■ **Problem to solve**:
Look in the listing below for the line that has "MediaMarkt Lego lego", then return it and each following line up to and including the one with "نسخه کنسولی Frostpunk", exactly and without pictures.

■ **Data for analysis**:

::::

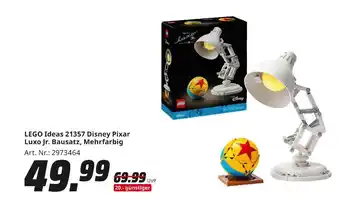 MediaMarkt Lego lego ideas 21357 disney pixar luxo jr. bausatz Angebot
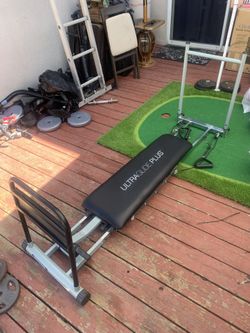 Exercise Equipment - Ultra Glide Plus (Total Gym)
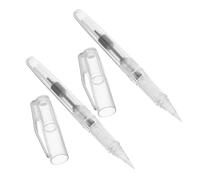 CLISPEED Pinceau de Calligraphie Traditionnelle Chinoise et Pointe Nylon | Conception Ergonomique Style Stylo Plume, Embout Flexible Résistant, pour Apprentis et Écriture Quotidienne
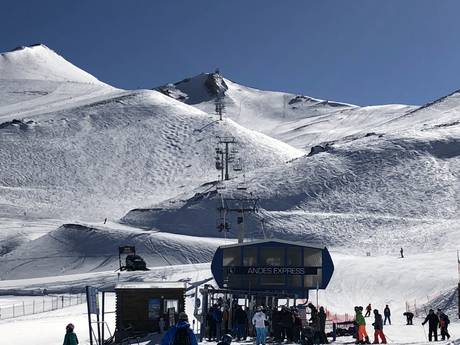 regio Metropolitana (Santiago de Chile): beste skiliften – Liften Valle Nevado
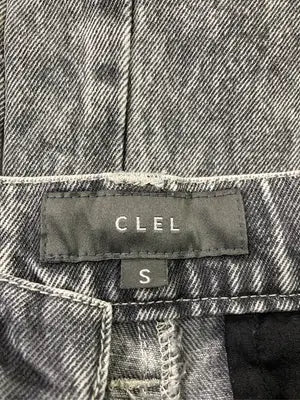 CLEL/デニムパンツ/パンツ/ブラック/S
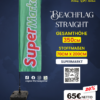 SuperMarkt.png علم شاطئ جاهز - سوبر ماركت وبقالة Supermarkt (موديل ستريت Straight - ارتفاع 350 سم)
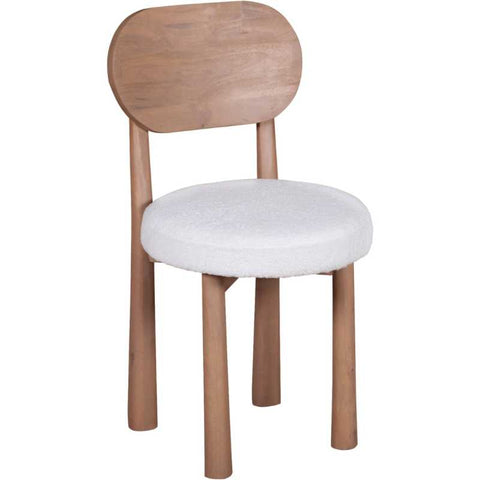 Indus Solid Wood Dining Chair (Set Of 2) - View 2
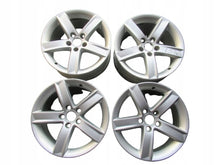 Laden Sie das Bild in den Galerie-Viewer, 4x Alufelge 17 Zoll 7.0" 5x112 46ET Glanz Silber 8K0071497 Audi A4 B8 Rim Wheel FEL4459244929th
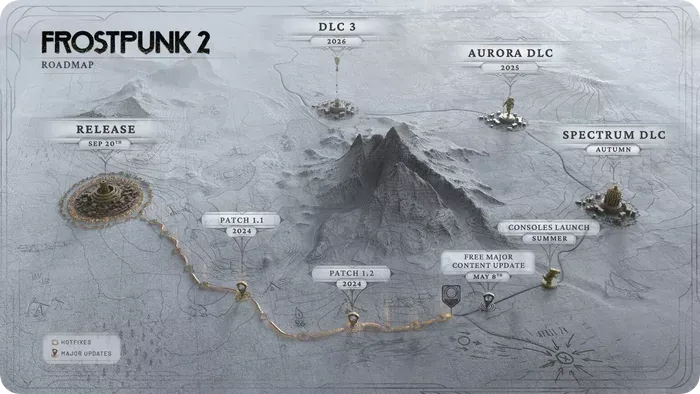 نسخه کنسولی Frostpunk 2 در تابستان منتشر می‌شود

::::

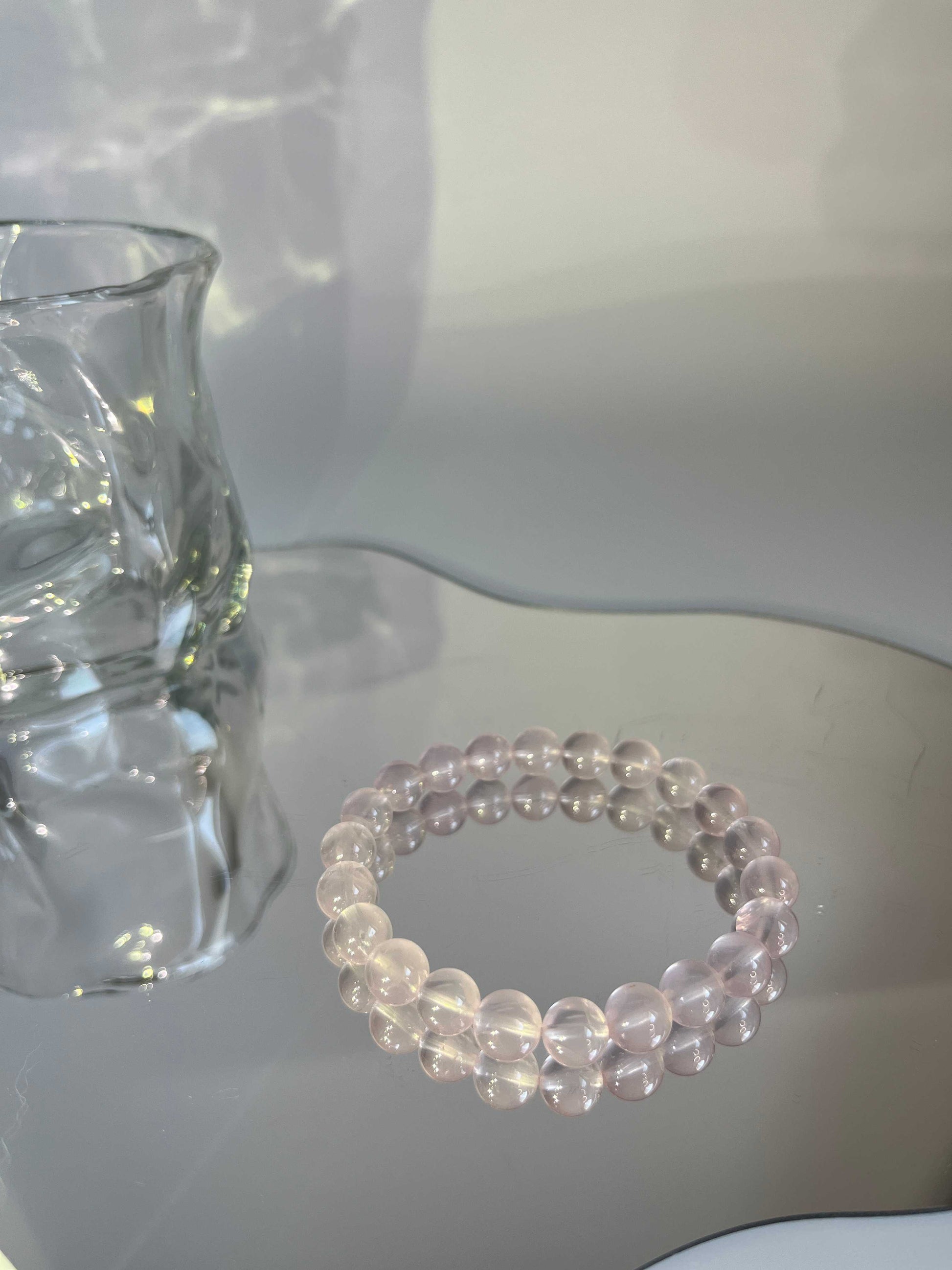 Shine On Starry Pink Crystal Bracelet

::::

■ **Result of this task**:
 MediaMarkt Lego lego ideas 21357 disney pixar luxo jr. bausatz Angebot
 Exercise Equipment - Ultra Glide Plus (Total Gym)
 CLISPEED Pinceau de Calligraphie Traditionnelle Chinoise et Pointe Nylon | Conception Ergonomique Style Stylo Plume, Embout Flexible Résistant, pour Apprentis et Écriture Quotidienne
 regio Metropolitana (Santiago de Chile): beste skiliften – Liften Valle Nevado
 CLEL/デニムパンツ/パンツ/ブラック/S
 SuperMarkt.png علم شاطئ جاهز - سوبر ماركت وبقالة Supermarkt (موديل ستريت Straight - ارتفاع 350 سم)
 Indus Solid Wood Dining Chair (Set Of 2) - View 2
 Laden Sie das Bild in den Galerie-Viewer, 4x Alufelge 17 Zoll 7.0" 5x112 46ET Glanz Silber 8K0071497 Audi A4 B8 Rim Wheel FEL4459244929th
 نسخه کنسولی Frostpunk 2 در تابستان منتشر می‌شود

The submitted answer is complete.